WHAT IS NEEDED => Below are some records; quote exactly the lines from the one that contains "2013 CHRYSLER TOWN & COUNTRY TOURING" through the one that contains "Détail des lames", inclusive, and no others.

Segment Start: MATERIALS PROVIDED

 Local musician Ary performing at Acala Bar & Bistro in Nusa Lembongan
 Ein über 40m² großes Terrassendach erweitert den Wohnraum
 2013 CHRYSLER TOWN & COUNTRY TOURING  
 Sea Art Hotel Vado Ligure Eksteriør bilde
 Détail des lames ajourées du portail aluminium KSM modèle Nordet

Segment End: MATERIALS PROVIDED
Segment Start: MATERIALS PROVIDED

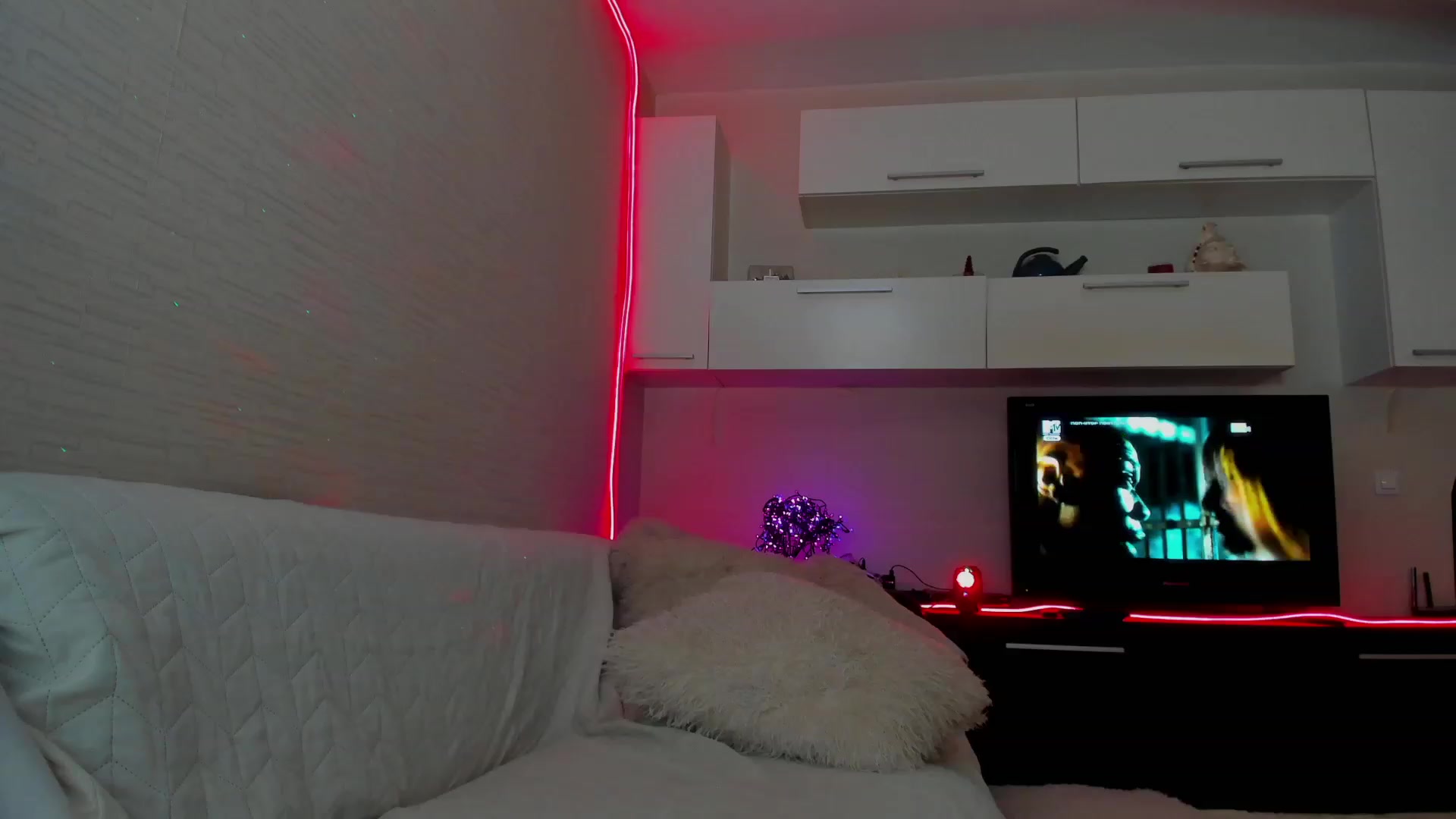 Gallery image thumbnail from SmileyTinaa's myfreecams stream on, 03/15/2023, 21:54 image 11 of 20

Segment End: MATERIALS PROVIDED

ANSWER SECTION =>
 2013 CHRYSLER TOWN & COUNTRY TOURING  
 Sea Art Hotel Vado Ligure Eksteriør bilde
 Détail des lames ajourées du portail aluminium KSM modèle Nordet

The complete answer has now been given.